Data for the task:
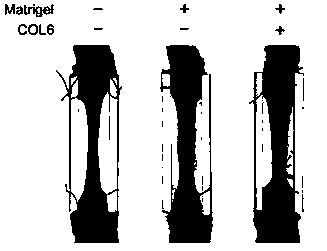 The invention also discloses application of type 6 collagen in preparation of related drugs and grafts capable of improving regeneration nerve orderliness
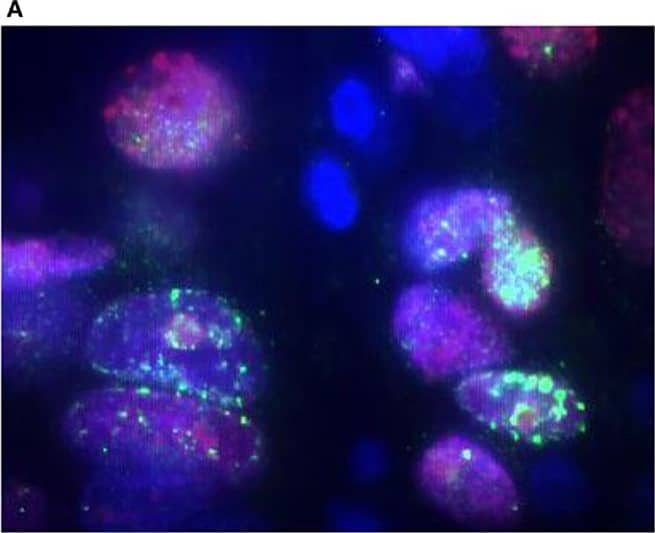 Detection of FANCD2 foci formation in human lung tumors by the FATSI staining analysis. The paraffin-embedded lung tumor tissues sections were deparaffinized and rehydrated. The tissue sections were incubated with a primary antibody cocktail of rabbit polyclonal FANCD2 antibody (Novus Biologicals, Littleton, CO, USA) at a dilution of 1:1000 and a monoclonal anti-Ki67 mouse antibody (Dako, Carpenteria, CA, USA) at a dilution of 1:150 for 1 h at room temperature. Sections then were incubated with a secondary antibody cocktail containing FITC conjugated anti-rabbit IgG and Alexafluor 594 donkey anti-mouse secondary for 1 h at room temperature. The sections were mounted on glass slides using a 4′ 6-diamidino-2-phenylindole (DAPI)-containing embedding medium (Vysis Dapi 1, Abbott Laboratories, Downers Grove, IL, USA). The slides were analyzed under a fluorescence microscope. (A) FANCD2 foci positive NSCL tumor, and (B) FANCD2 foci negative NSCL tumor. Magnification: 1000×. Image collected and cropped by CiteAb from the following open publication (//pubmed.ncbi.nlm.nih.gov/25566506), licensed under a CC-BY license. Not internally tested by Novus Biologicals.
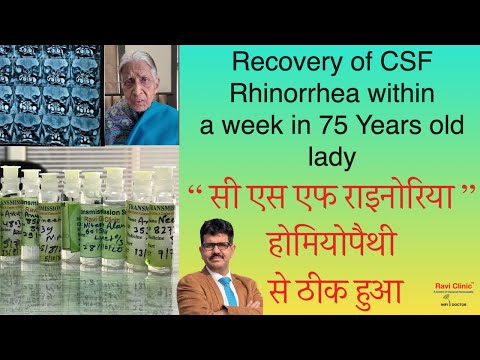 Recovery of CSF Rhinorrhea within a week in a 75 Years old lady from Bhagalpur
...
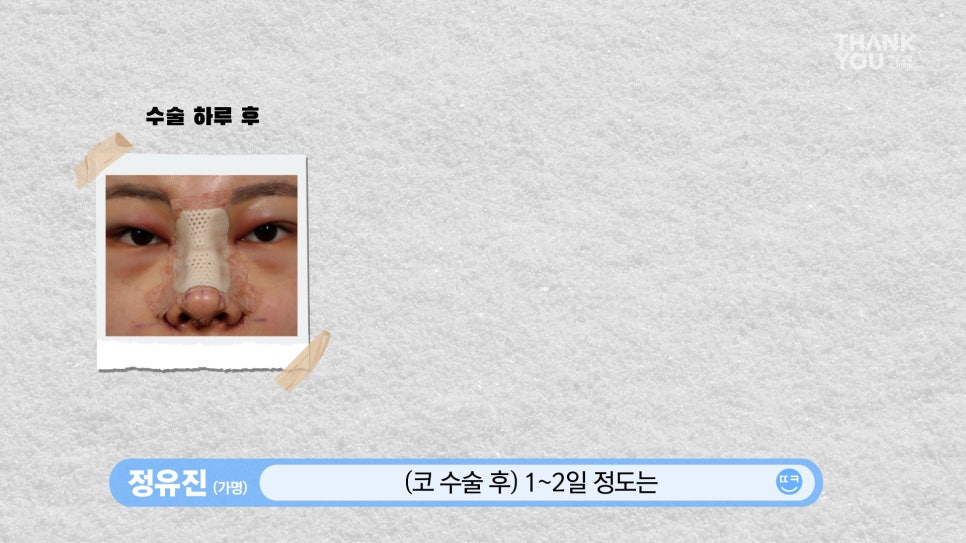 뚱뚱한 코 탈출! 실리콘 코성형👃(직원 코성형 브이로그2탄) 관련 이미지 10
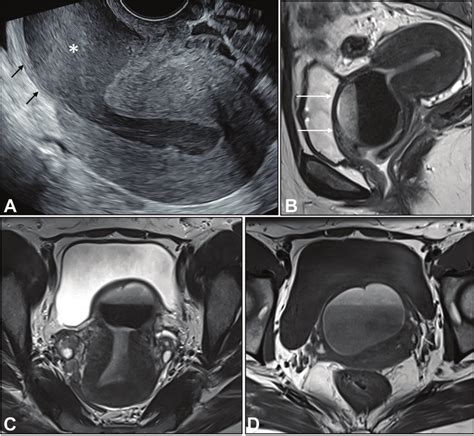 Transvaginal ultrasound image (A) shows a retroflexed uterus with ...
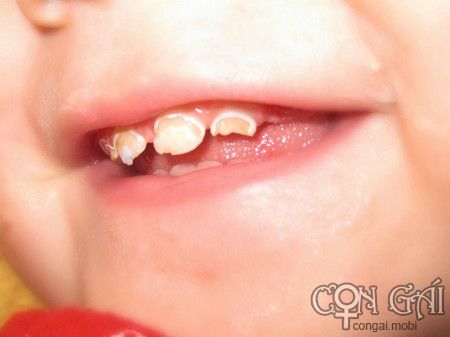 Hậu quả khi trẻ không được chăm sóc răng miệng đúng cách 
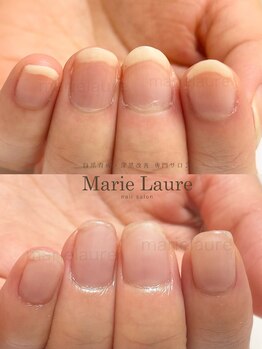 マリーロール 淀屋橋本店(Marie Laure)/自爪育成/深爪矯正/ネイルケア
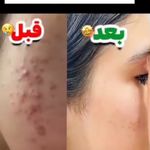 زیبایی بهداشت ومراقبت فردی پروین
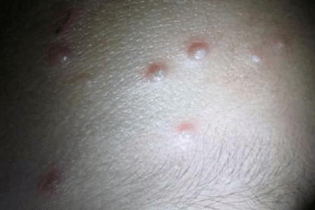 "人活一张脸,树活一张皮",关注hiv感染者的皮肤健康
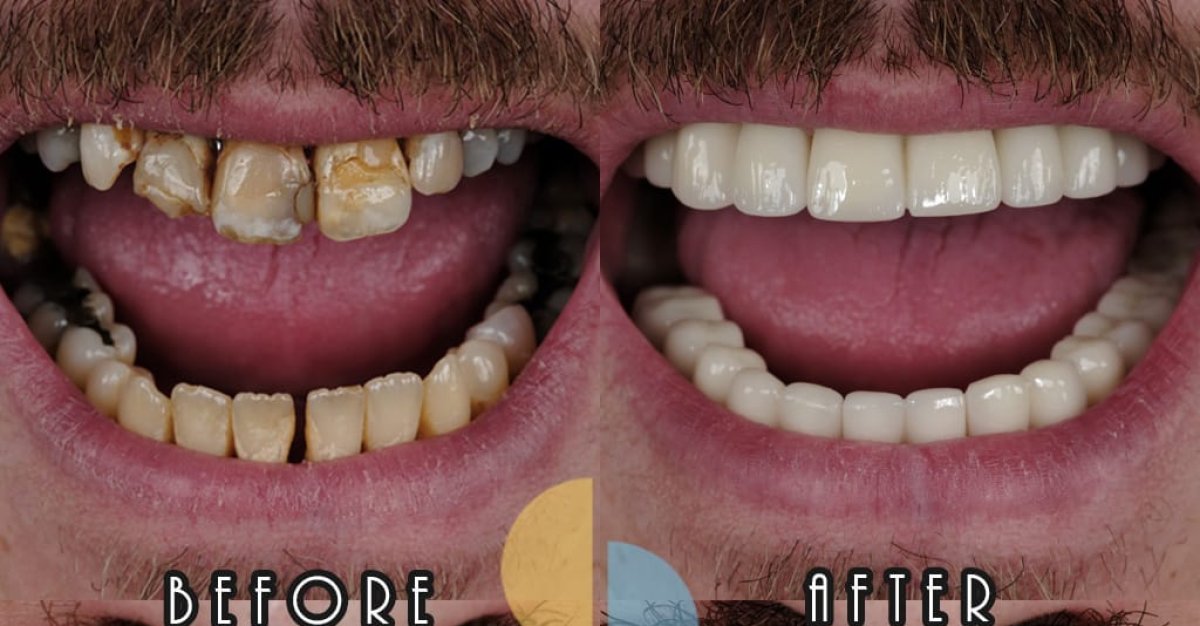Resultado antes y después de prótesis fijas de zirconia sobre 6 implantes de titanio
---
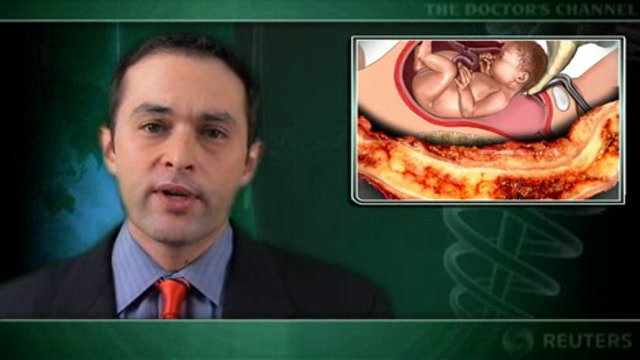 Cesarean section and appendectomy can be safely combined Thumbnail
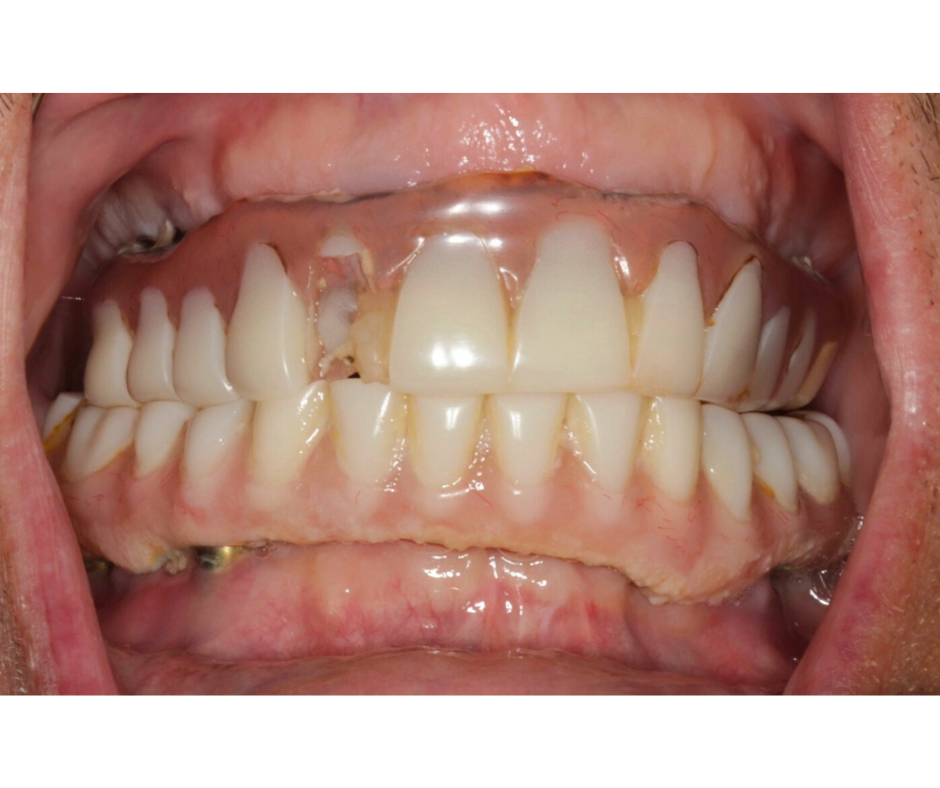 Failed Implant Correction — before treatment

Work to complete:
When you reach the line containing "زیبایی بهداشت ومراقبت فردی پروین" in the entries above, begin restating word for word, and stop once the line containing "Resultado antes y" has been given. Omit the pictures.

Result of this exercise:
 زیبایی بهداشت ومراقبت فردی پروین
 "人活一张脸,树活一张皮",关注hiv感染者的皮肤健康
Resultado antes y después de prótesis fijas de zirconia sobre 6 implantes de titanio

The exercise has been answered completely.